Alaska sled dog sports were abuzz Friday with the news that the Iditarod Trail Sled Dog Race chief of drug testing is out, and three-time Iditarod champ Mitch Seavey, the oldest musher ever to win, is apparently headed back to try for victory number four.

 

Only four days ago, Seavey issued an ultimatum that he’d sit out the race unless it got rid of drug chief Morrie Craig and modified its new “personal conduct” rule.

Then came the surprise announcement from Iditarod that Craig had “made the decision to resign after more than 25 years at the helm.” A Oregon State University professor, Craig could not be immediately reached for comment.

What precipitated the resignation is unknown. Two days ago, a friend of Craig’s let it out that he and some veterinarians were working on and excited about an experimental hair-testing program to next year probe for out-of-competition doping of dogs.

Seavey has yet to sign up for the 2019 Iditarod,  and there is no word on whether the personal conduct rule will be amended. But Seavey told KTUU-News that the Craig resignation “means I can run the Iditarod this year.”

The Seaveys have been after Craig’s hide since the dogs of the Sterling musher’s son, four-time champ Dallas from Willow, were found doped with tramadol after the finish of the race in Nome in 2017. Dallas immediately claimed he’d been sabotaged.

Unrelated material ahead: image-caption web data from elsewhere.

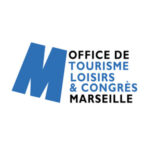 logo-office-toursime-marseille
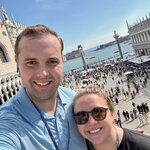 Photo taken by Alex R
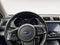 2019 Subaru Legacy 2.5i Premium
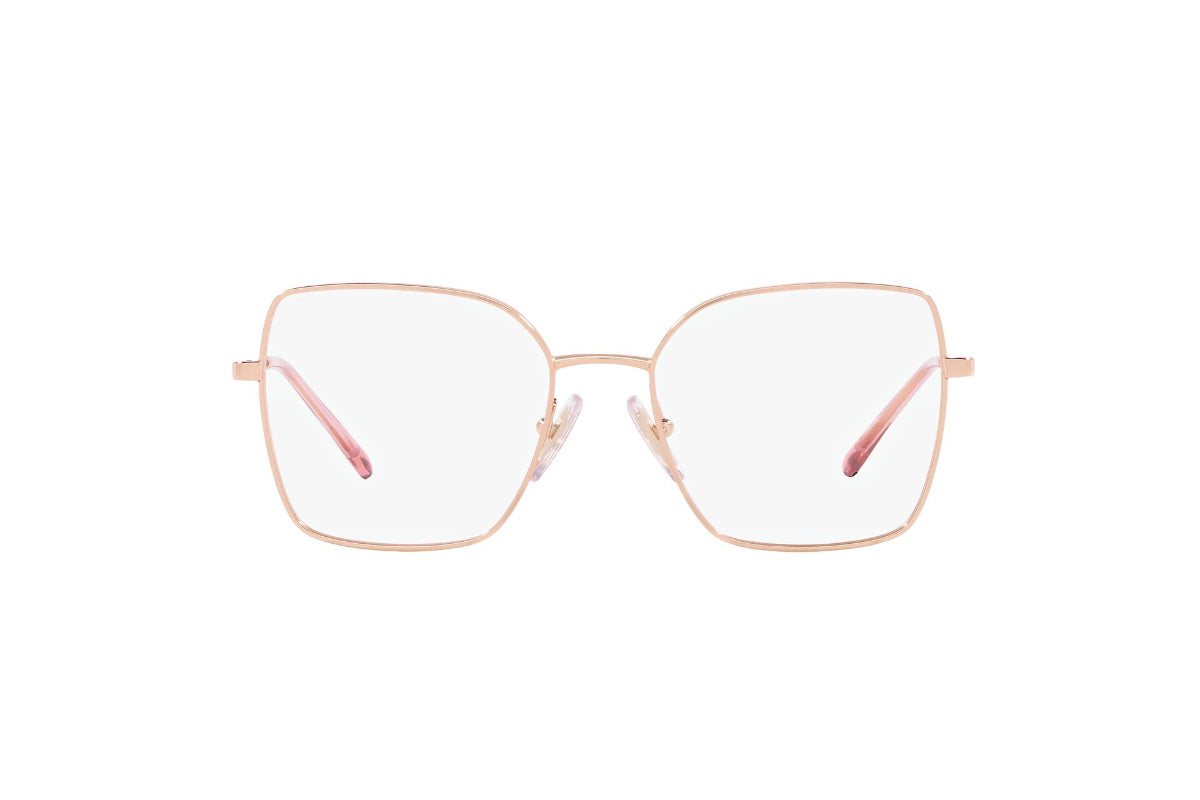 Vogue Eyewear Lentes Ópticos VO4274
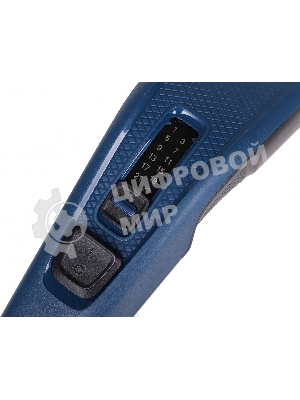 Машинка для стрижки Philips HC3505/15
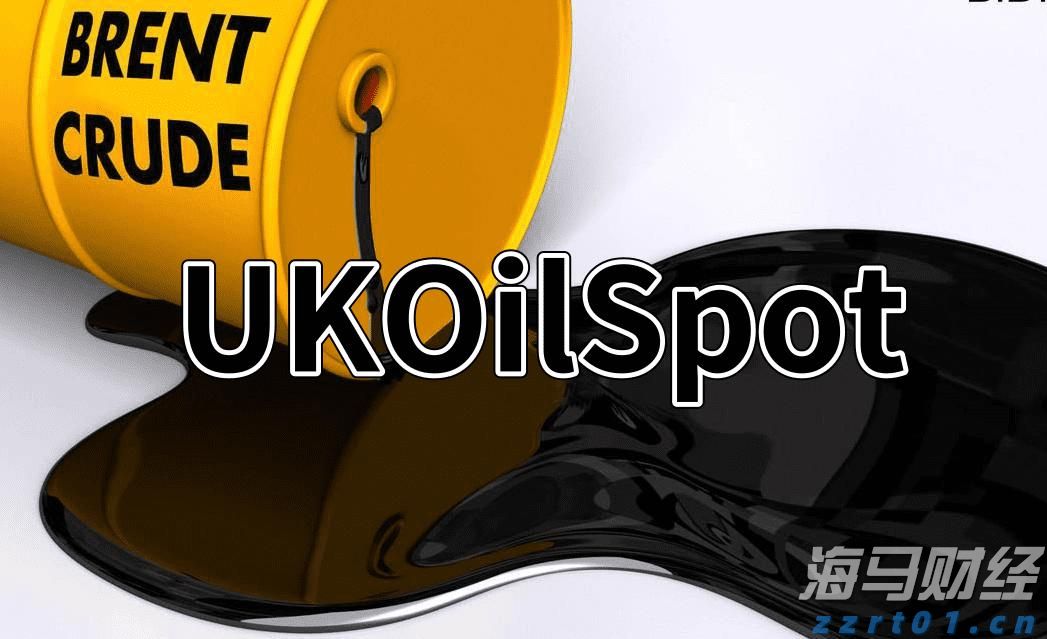 中芯国际(00981)发布第二季度业绩,股东应占利润1.32亿美元 三季度收入指引为环比增长5%到7%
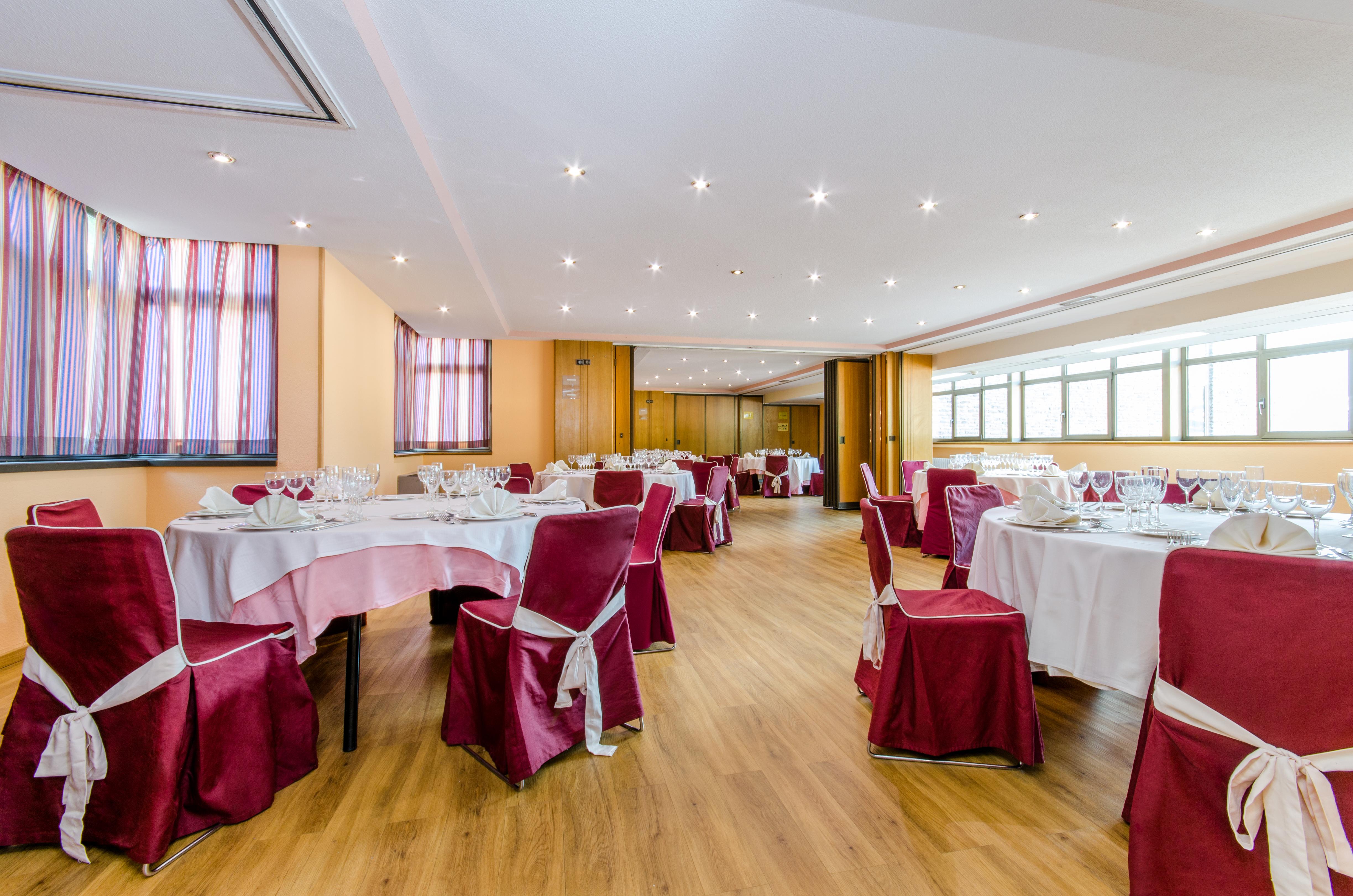 Panorama Hotel 4*
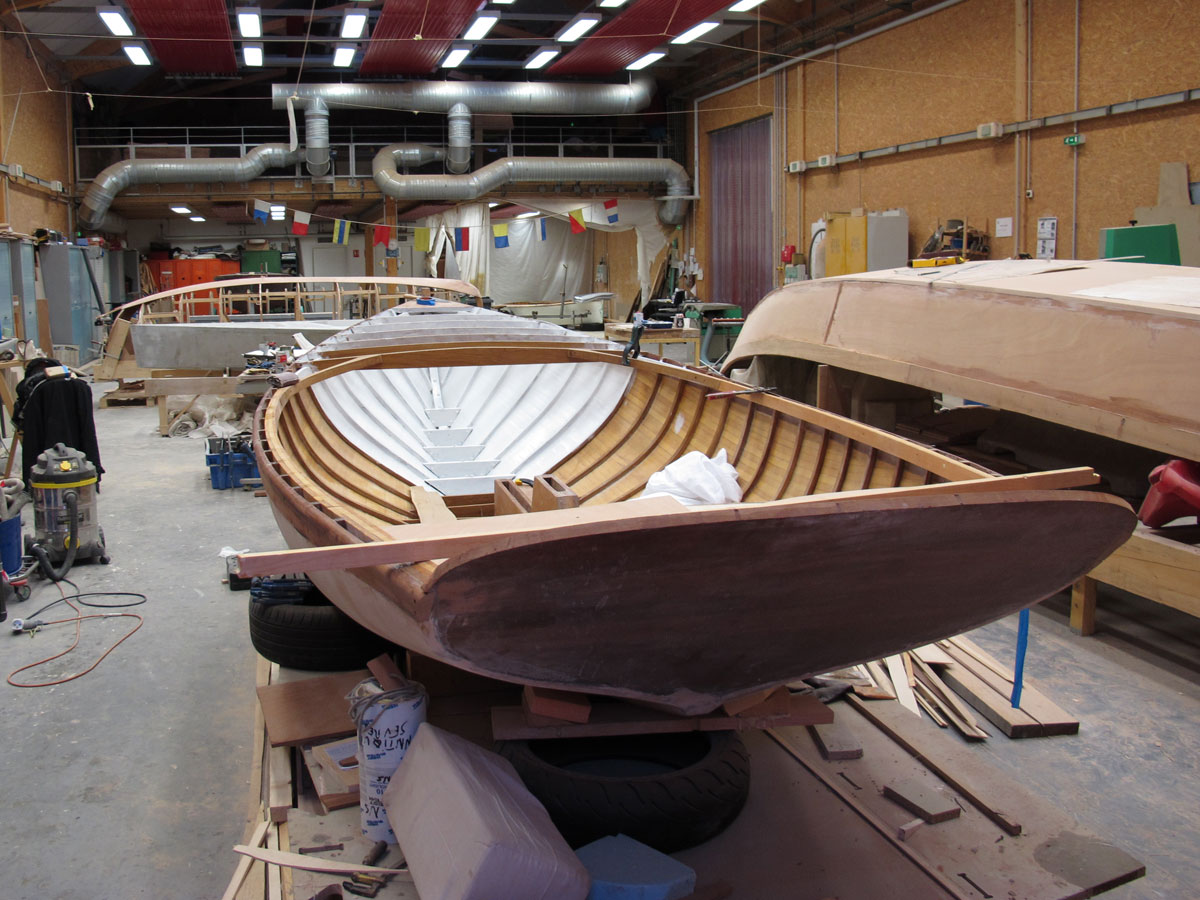 [Image: PeintureBlanche.jpg]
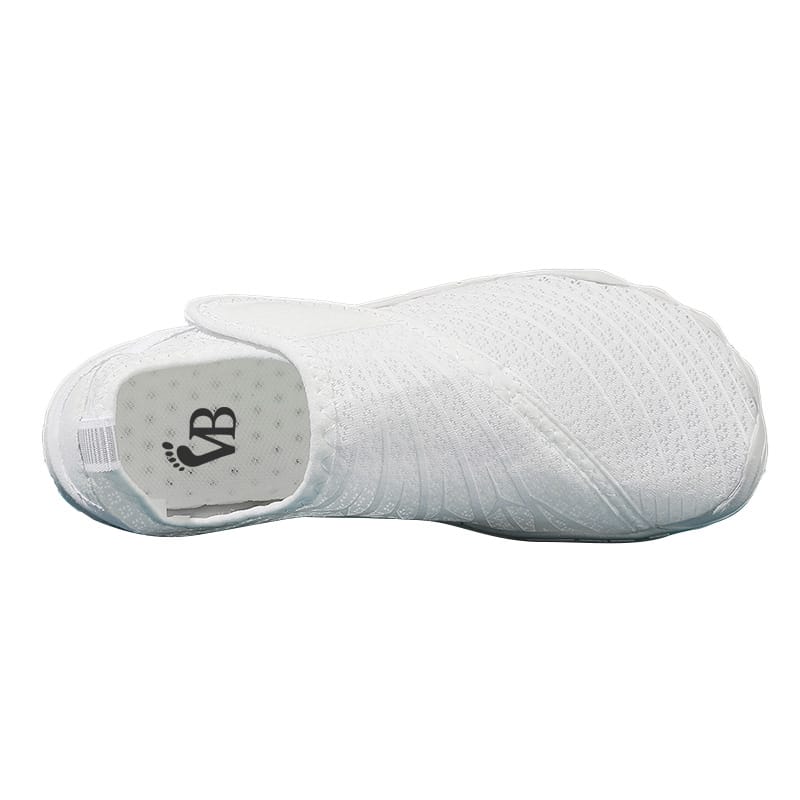 Solyn - zapatilla ergonómica ultraligera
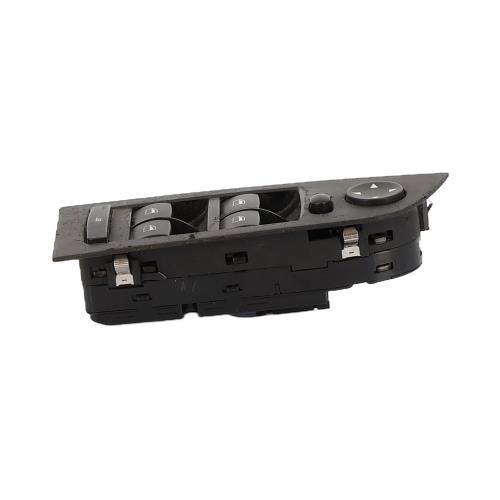 Image Interrupteur de leve vitre avant gauche - BMW SERIE 3 E90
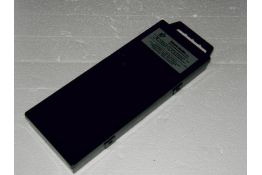 GD38 - CUSTODIA IN PLASTICA PER GUANTI DIELETTRICI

Craig was reported to be among the more skeptical as to that claim and had been, according to knowledgeable sources, continuing an effort to narrow the time frame for the period in which the doping had taken place, which might help identify who did it.

Unsolved mystery

The Iditarod originally said the dogs could have been doped anywhere from 15 hours to moments before they were tested. Work was apparently underway to better define the timing of tramadol metabolism to try to establish a scale of metabolites to unmetabolized tramadol in a dog’s urine..

Dallas continues to insist he didn’t give the dogs tramadol, but no other suspects have emerged.

Tramadol is a synthetic opiod, but doesn’t exactly work like one in canines. It could, however, be useful to a sled dog driver.

One of the scientists most familiar with how dogs respond to the drug compared it to Cymbalta, a drug originally introduced to treat depression and anxiety, but which the Federal Drug Administration has now approved for the treatment of chronic musculoskeletal pain.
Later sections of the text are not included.